リンダ リンダ リンダ

弾けるのも青春なら、眠りこけるのも青春だ!



  

同じシネカノン神戸で続いて拝見したのが、韓国の女優さんで日本でも最近注目されてれいるペドゥナが主演(?)している「リンダ リンダ リンダ」。韓国の作品ではなく、日本の作品。
わずか三日ほどの出来事が、一気に勢いの乗って描かれます。
「青春」が、現在進行形の人が観ても、過去完了形の人(ボクのことです)が観ても、すっごく楽しめる!

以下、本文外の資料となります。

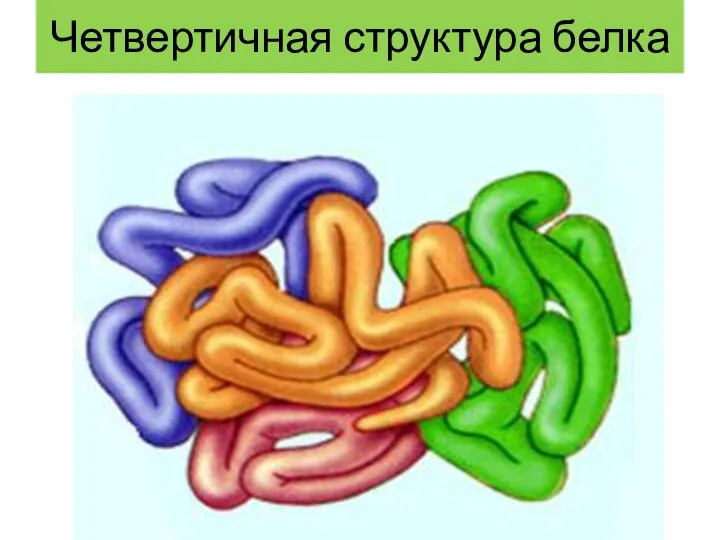 Четвертичная структура белка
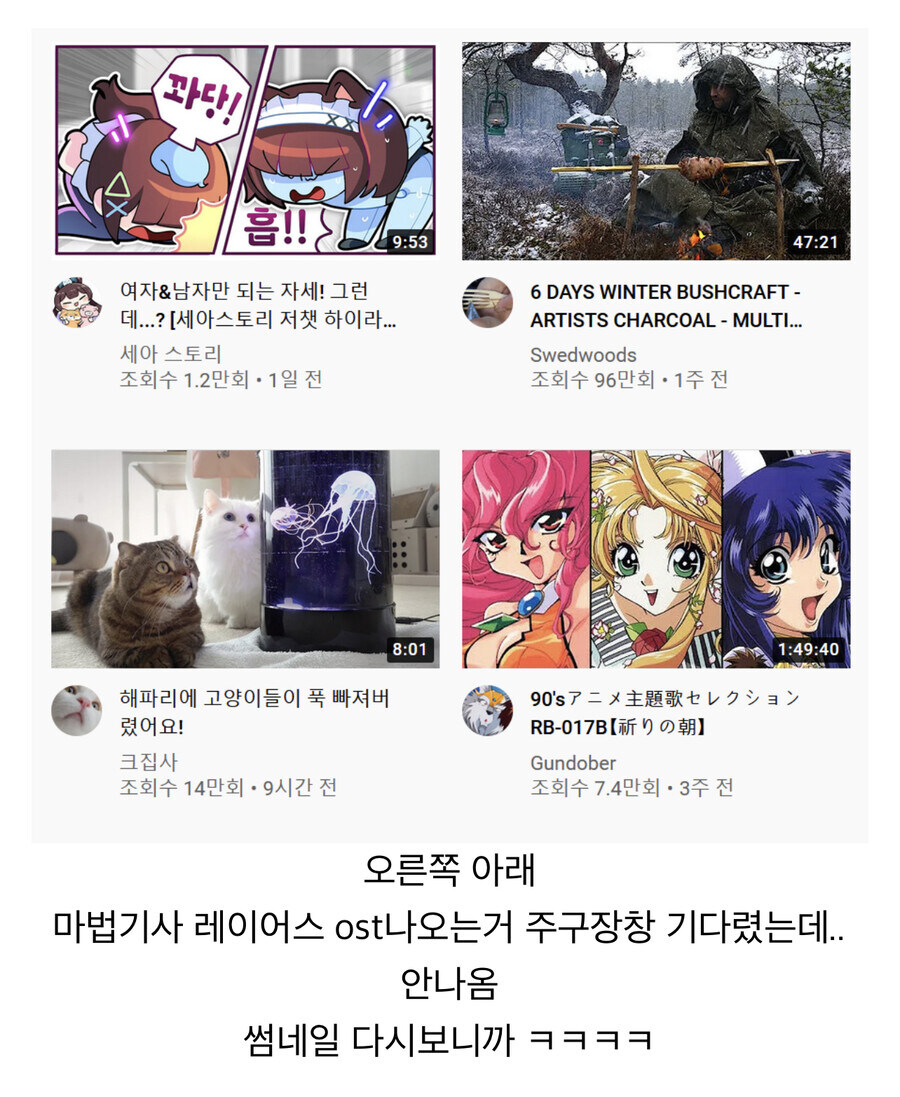 유튜브로 마법기사 레이어스 노래 들으려고 한 사람_1.jpg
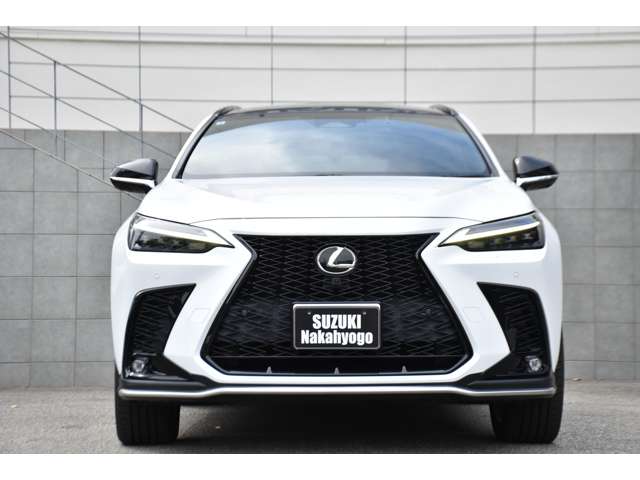 Lexus NX 6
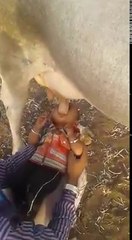Em bé bú sữa bò trực tiếp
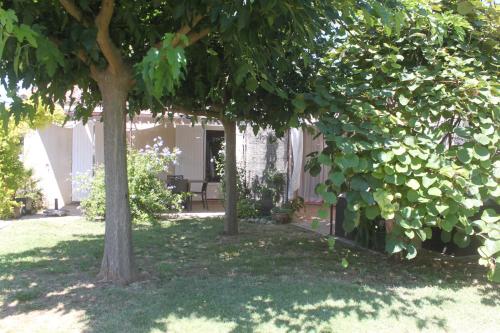 LS1-400 Jolie maison individuelle avec piscine privée – 8 personnes à Fontvieille dans les Alpilles gîte à louer Domaine du chêne vert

高校三年生。最後の文化祭を目前に控えたある日、軽音楽部の三年生の女子がで組んでいたバンドが仲違いをしてしまい空中分解してしまう。このままでは、今まで練習してきたオリジナル曲を演奏するわけには行かない。かと云って、最後の晴れ舞台に立てないのも悔しい。どうすればいいの?
残ったメンバーでバンドを組むには足りないのはヴォーカル。誰も唄いたくはない(そんなことないような気もするけどな)。よっしゃ、ヴォーカルは外部から招聘しよう。
「今から一番最初にこの前を通り過ぎた女の子を勧誘する!」
個性的な三人組に、韓国からの留学生(ペドゥナ)。演奏する曲はもう決まっている、ブルーハーツのコピーをやる!

う〜、残念!
「リンダリンダ」という曲、全く知らないわけではないけれど、ほとんど知らない。それに、この曲と同時進行の思い出もない。無念!
もし「リンダリンダ」に何か特別な思い入れがあったり、この曲がヒットしていたときの思い出などがあれば、この映画の楽しみは全く別のものになっていたのに違いないし、何倍も味わい深かったはず。
残念ながらボクはこの映画を参加型で楽しむことは出来ず、傍観を決め込むしかない。なんと言う無念。ボクはこの映画にどっぷりと参加できた方の半分も楽しめなかったんだろうな、全くもって残念としか言いようがない...。

日本人の三人が個性的でいいね。
それに、都会じゃなくて、適度に地方色が豊かな地域の高校が舞台なのがいい。これが、東京の高校が舞台なら、面白くとも何ともなかったような気がする。
そんな高校に、何故韓国からの留学生がいるのか、その理由を真剣に考えてはいけない。理由はともかく、韓国から来ているコミック好きな女子高校生がいるのが、この映画のミソなんんだから!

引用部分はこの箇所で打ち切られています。